Cadence of Conflict: Asia, August 14, 2017

A campaign is slowly mounting its ground swell against Philippine President Duterte concerning his past corruption. The Philippines is littered with classic “mafia-machine” style corruption, making it generally easy to find scandals on politicians. This has been building against the new Filipino president since about the same time the Philippines has needed aid from the US against ISIS, all while the Filipino president campaigns on a continued platform of moving away from the US so as not to be “dependent” on anyone, a normal sentiment in Filipino populism.

A similar media war is mounting against both China and North Korea. This week, they came together in a story about “Made in China” -labeled goods actually being made in North Korea. Also, an old story was rehashed about the Chinese using “scientific underwater drones” in the South Sea, which could be used for military purposes, if nothing more than to make underwater maps for the Chinese and to spot American submarines.

It’s not far-fetched or newsworthy to claim that the Chinese could use academic or scientific tools for the military. China wouldn’t be the first to perform military operations in the name of “science”. China’s diesel-powered aircraft carrier, the Soviet-made Liaoning, was purchased from Russia to be little more than a “floating museum”. Now, it has been reverse-engineered to model at least four more aircraft carriers from China. China’s underwater drones first made headlines not long after the Chinese captured a similar drone from the US.

There seems to be a trend that China’s tech is reverse-engineered, not invented. More interestingly is the role the US has played. Better said, how the US has played China. It wasn’t fair, but it was avoidable.

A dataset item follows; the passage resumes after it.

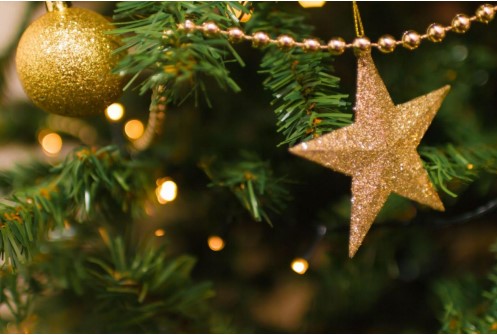Artificial Christmas Tree with Pine Cone Ornaments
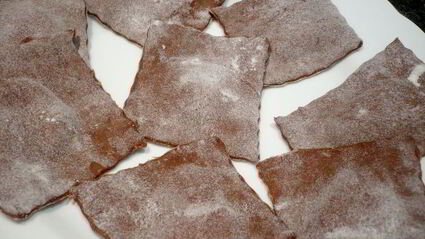 шоколадные равиоли с вишневым рагу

China wouldn’t have most of its tech or its money for these military aggressions if American tech companies weren’t outsourcing jobs to China. Companies only did that because Americans were obsessed with saving a few pennies on their goods. The country learned to copy those goods and took American money doing it, then got a big wallet, then got a big head. If the US had confronted “Shame” culture in its cultural exchanges—government, business, and otherwise—and educated whatever Chinese people they met in daily dealings and insisted on using the Biblical view of “repentance unto hope”, China’s government wouldn’t be trying to “save face” quite so much and might even be cleaning things up at home a bit more.

Then, we have foiled military operations, this week, a crash in Australia. A truly-gone-awry military operation won’t be so easily plastered across headlines. The West is trying to look weak in the eyes of the Chinese while mounting a press war against China and North Korea to stir popular support for action. That action is, indeed, becoming necessary, but only after unnecessary trade money and methods made it so.

The swelling conflict in the Pacific could have all been avoided if Americans had simply insisted on paying a few more pennies to buy American. But, it’s too late to turn back. Now, American taxpayers will have to pay for an expensive, otherwise unnecessary war against their manufacturer.

Everyone is accountable for their own choices, but the US knew better. Americans know the Bible’s teaching “to get one’s own life in order first” and to confront “Shame” by teaching the good news of “forgiveness”. But, the US didn’t do that with China, not in business and not even the Christians in dealing with Chinese churches in America. While it is all sad, the bigger victim is China.